The Depression, The Cold War, and The Chemist | M. F. McAuliffe

(Torrance, California, 1986)

He lashes out at the dark, at Alice and anyone or anything around him in that box of a condo. The dark’s around him when he’s drunk, when he’s not drunk, when he’s awake, when he’s asleep, when he breathes. Thick as thunder, thick as hills.

Resentful, panicked, overburdened—

He was born into a Finnish farming family in Big Sky Montana. The Great Depression struck. Drought and the dust storms struck, thickened the air until it was earth and the cattle dropped in the fields. His mother was sick. His father went away to look for work.
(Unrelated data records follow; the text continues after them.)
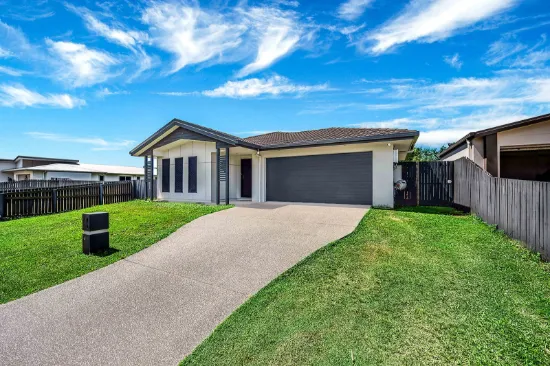 15 Salisbury Place, Ooralea, Qld 4740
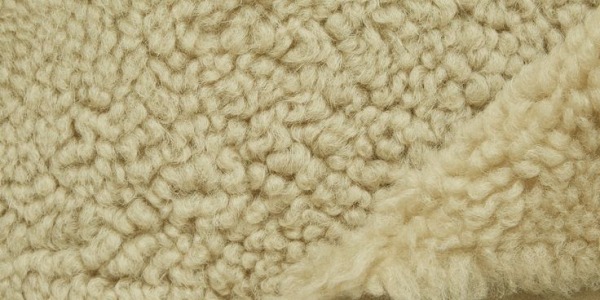 Seconde vie aux chaussons en peau de mouton usés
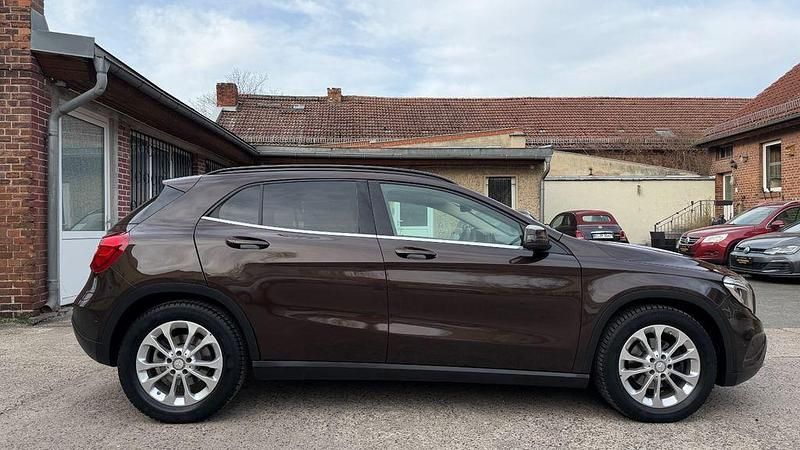 Gebraucht Mercedes GLA200 136 PS (100 kW) 2014 Braun SUV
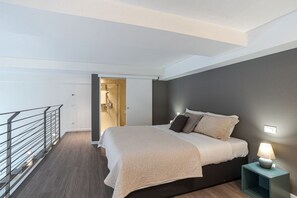 2 bedrooms, WiFi, bed sheets - 08 Brunate Visconti - My Home in Como (Como)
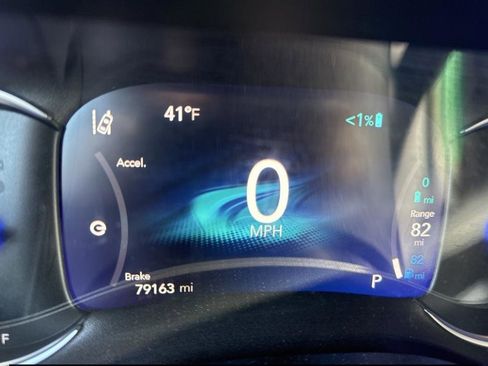 Used 2023 Chrysler Pacifica Touring-L image 11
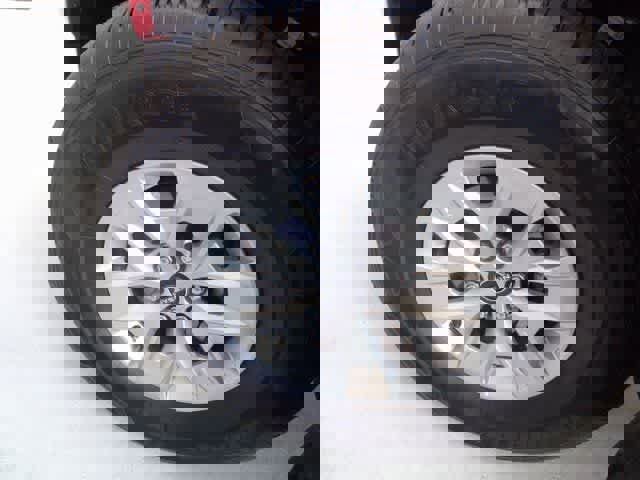 Used 2024 Nissan Frontier SV w/ Technology Package image 35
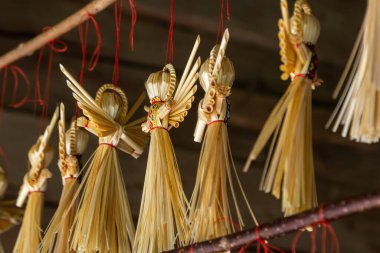 Geleneksel melekler el yapımı pipetten. Ukrayna 'nın ulusal gelenekleri.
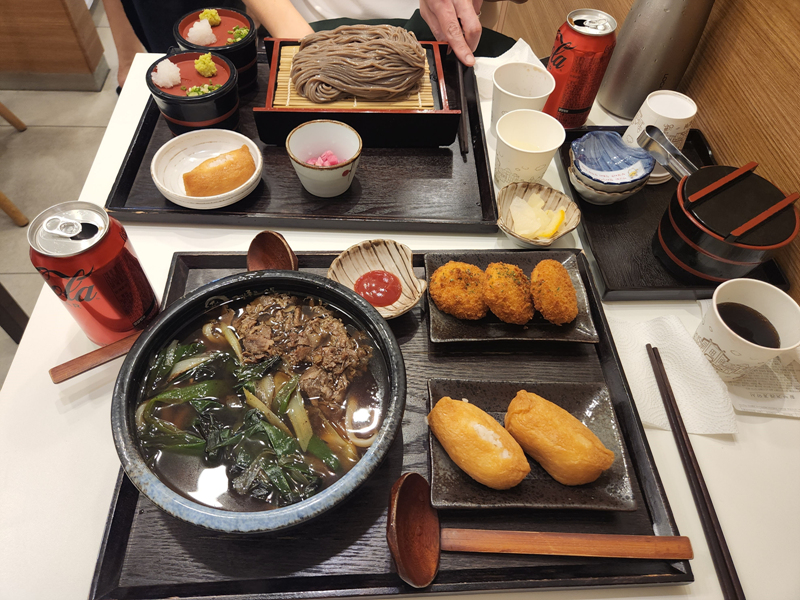 한상-가득-차려진-소바와-우동과-유부초밥과-고로케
He drinks because he was that little boy. Cold sweating bottle after cold sweating bottle to drown his mind if he can’t drown his pain. He believes and does not believe that he deserves to be abandoned, ten years old in a chaos of Montana prairie, dead cattle and a skin-stripping wind, told to make a farm of it, told if he doesn’t his mother and brothers will starve.

Farming the wind.

He spent his adult working life as a chemist. He worked on The Bomb all through the fifties, as an X-ray crystallographer after. Every one of his children, by two wives, was physically or mentally handicapped.

He lashes out at Alice and the condo and the confines of his time and place and fate. The handicaps aren’t Alice’s fault. They aren’t even his.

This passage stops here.